Measurements compiled by Glassnode, a blockchain analysis company, shows a number of metrics have passed even their late-2017 highs, including the amount of gas used in transactions and record earnings for proof-of-work miners currently supporting the blockchain.
The data shows a notably different market foundation from that which existed when Ethereum logged epic all-time highs over $1,400 more than two years ago, lending credibility to the idea that additional gains may be in the cards.
It’s been well reported by now that fees on the Ethereum network are some of the highest they’ve ever been (and might be pulling Bitcoin fees up along with them). Glassnode data shows, however, that the difficulty and hash rate for proof-of-work mining activity that currently secures the Ethereum blockchain are down nearly 25% since topping out in Summer 2018.
A lower hash rate means ETH miners can process more transactions with the same hardware. And while the minting of new Ethereum as rewards for moving the blockchain forward has remained steady since February 2019, less hash power overall means more of the gas paid for Ethereum transactions goes to each miner.

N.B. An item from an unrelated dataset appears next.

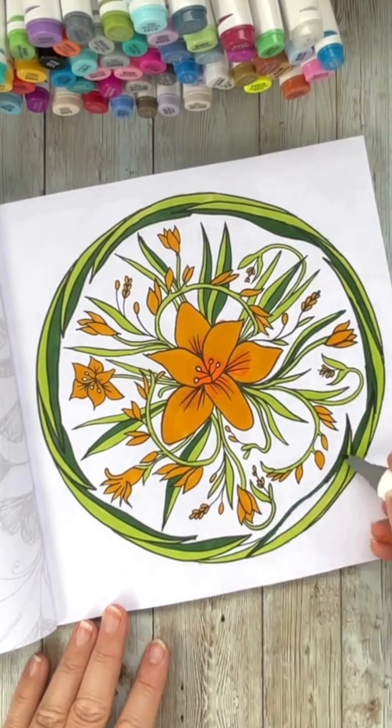I love the two-tone green look so I'm going to add those to the leaves as I go around. But this lighter green I think is my favourite so far, so I'm probably going to be using that quite a lot in my other designs.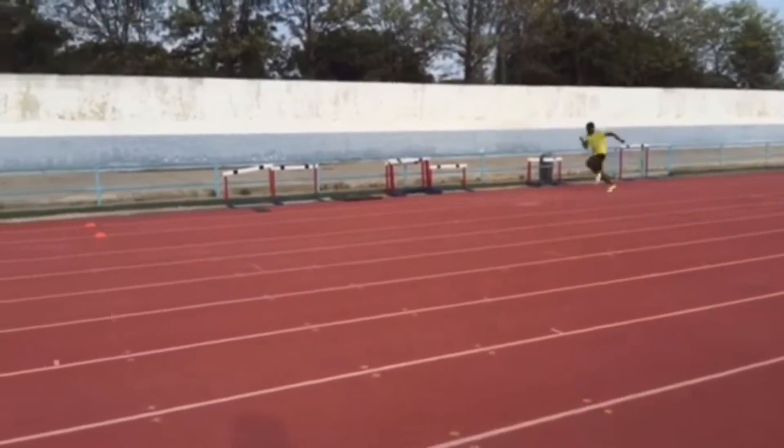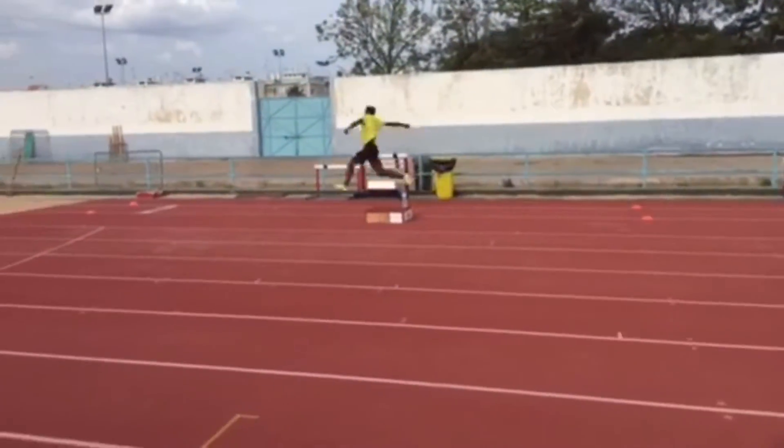From a technical point of view, what do you think you need to work on the most? I'm trying to work on making a seamless transition from run to takeoff. I tend to over-stride in the last two strides, so I'm trying to make that part of my run-up effortless and run off the board more fluidly. I think if I can do that, I'm going to jump something pretty big.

As a result, ETH miners have started to see days where more than 16%, and on some days more than 19%, of all revenue is generated through fees paid to broadcast transactions to the network. By comparison, miner earnings from fees during early January 2018, when ETH prices were at their peak, never topped 15%.
The takeaway is that infrastructure providers for the Ethereum network are increasingly earning their keep as a result of real activity on the blockchain, especially when compared to previous periods of high activity and price optimism.
Total gas use is another area where Ethereum has grown vastly beyond levels seen during all-time high prices. Total gas used has nearly doubled compared to January 2018, as Ethereum transactions move beyond simple sending and receiving between personal wallets or exchanges into the substantially more complex (and expensive) operations carried out by smart contracts used in DeFi activity.
The market shift from speculation on decentralized applications “coming soon” to the use of functional applications for lending, borrowing, and earning returns is reflected in significantly higher gas usage—will price be next?
Much about the inner workings of Ethereum are set to change with the rollout of Eth2, the long-awaited (and much delayed) upgrade to the network. This includes the number of transactions that can be processed each second, as well as the very nature of how blocks are generated within the network. Until then, there appears to be plenty for ETH holders to feel optimistic about.